Oscar Piastri has made his bitter disappointment clear after breaking his silence following a dramatic crash on the opening lap of the Australian Grand Prix. The McLaren driver, who crashed out on his home race last year when challenging for the lead, slammed into the side of the wall on the formation lap just a few minutes after leaving the pit lane, 40 minutes before lights out.

“We had a bit of an issue out of the pits with no battery basically,” Piastri told Sky Sports F1. “Then, with the actual crash, there was a combination of a couple of things – there was a large element of just me with cold tyres, clipped the exit kerb, but I also had 100kW more power than expected.

“You put all of those together and it ends in the result we got. Obviously just disappointing and a scenario that shouldn’t be happening.”
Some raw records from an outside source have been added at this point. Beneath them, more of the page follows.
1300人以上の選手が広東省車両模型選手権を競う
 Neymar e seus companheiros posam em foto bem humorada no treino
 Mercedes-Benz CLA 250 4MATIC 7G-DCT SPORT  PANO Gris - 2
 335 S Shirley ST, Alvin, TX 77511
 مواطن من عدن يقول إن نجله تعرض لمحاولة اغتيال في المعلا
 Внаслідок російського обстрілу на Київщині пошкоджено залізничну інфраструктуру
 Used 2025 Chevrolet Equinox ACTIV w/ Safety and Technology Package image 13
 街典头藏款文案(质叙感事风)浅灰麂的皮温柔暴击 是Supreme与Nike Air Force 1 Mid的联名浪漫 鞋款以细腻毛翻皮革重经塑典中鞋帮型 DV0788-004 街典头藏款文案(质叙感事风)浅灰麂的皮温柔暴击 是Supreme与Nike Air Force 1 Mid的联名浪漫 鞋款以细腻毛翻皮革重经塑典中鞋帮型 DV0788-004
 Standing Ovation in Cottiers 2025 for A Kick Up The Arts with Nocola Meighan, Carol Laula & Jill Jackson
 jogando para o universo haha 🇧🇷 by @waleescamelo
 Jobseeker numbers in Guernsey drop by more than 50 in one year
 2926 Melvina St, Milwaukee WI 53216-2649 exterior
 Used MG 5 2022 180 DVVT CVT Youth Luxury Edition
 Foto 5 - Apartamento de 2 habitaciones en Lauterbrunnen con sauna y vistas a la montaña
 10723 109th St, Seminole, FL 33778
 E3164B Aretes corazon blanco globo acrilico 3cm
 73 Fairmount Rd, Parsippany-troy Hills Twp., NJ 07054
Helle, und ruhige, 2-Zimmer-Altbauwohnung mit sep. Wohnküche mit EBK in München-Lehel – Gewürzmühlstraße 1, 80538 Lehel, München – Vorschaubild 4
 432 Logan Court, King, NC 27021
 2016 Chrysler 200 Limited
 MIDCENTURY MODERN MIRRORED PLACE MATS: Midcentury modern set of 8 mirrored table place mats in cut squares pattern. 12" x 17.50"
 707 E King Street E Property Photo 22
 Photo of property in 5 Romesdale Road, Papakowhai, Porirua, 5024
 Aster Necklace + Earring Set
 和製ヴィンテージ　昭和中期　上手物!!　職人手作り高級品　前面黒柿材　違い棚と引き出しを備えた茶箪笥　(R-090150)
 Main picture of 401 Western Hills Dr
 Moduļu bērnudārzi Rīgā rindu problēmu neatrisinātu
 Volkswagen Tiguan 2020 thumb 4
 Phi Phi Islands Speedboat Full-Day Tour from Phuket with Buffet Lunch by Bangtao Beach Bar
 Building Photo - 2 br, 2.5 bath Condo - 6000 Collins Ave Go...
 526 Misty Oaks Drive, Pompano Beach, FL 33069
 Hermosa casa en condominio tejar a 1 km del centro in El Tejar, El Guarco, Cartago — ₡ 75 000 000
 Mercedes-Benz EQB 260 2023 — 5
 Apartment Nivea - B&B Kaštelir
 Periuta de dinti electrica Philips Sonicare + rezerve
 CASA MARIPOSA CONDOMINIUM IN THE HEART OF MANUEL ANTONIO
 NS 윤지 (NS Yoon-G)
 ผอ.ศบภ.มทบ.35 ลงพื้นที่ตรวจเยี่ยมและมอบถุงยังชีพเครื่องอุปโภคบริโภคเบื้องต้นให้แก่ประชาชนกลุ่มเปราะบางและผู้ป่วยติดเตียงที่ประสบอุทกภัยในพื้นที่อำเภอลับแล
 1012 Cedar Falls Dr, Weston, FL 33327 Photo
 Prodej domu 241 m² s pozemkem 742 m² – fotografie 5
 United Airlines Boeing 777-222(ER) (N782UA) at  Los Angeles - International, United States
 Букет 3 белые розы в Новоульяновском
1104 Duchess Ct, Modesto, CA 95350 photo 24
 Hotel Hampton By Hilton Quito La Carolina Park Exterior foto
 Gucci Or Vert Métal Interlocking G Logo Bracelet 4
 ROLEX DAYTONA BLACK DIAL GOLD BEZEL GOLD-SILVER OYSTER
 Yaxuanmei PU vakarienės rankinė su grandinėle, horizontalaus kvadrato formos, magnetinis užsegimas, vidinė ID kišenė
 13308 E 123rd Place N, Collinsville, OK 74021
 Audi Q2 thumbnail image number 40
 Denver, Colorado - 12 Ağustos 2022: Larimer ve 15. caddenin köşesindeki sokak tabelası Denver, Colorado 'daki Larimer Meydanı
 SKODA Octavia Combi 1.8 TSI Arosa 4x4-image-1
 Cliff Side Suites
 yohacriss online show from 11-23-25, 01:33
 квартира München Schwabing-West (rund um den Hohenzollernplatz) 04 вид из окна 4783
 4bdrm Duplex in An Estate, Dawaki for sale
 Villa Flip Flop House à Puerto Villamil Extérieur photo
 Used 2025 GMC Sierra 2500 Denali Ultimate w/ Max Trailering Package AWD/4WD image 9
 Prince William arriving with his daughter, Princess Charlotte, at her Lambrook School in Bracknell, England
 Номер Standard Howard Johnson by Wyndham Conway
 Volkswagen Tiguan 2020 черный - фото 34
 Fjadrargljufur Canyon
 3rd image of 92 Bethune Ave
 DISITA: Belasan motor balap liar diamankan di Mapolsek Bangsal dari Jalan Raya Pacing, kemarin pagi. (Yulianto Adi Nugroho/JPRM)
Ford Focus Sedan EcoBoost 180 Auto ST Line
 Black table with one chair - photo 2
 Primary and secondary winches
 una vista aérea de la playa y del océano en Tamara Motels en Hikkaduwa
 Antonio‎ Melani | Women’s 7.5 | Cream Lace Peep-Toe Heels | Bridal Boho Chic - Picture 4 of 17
Piastri elaborated further in a chat with the BBC and said: “I’m feeling pretty disappointed obviously. It was a situation that shouldn’t happen, we need to review a bit further on what exactly happened.

“A combination of a few things like cold tyres, probably being a bit optimistic on the kerb on the first lap, but also I had 100 kilowatts more power than what I expected which is not insignificant.

“I think if you put all of those together, even if you have one or two of those things then you can manage it, but when you put all of them together it caught me by surprise. I mean just try and learn as much as I can. It’s clearly been an interesting race, so just try and learn what I can.”

McLaren chief Zak Brown said during the race: “We’ve not seen anything on the data so far and he didn’t say anything on the radio, so we’ll do a post-mortem after the race and see what happened.

“For now we’ve got to focus on the car we have in the race and get the excitement level back up because that is definitely disappointing for Oscar in his home race. I’m sure he’ll be sore about that one for a while, but these race car drivers know how to recover quickly, so definitely not the way you want to get started – but we’ll be back.”

McLaren teammate Lando Norris had better fortunes in Melbourne but admitted the team needed to improve to close the gap to Mercedes and Ferrari. “We finished where we deserved to,” Norris told Sky Sports. “I think it was quite clear that the Red Bull was quicker. Max came from last and almost beat us.

Not the best race, in terms of pace but we struggled with some things on the car in the beginning. We made some tweaks and that certainly improved things. We are nowhere near where we need to be, clearly.

“But probably more so from a car perspective today. We are a long way off. We have a lot of work to do. We [Norris and Oscar Piastri] were running the same car.”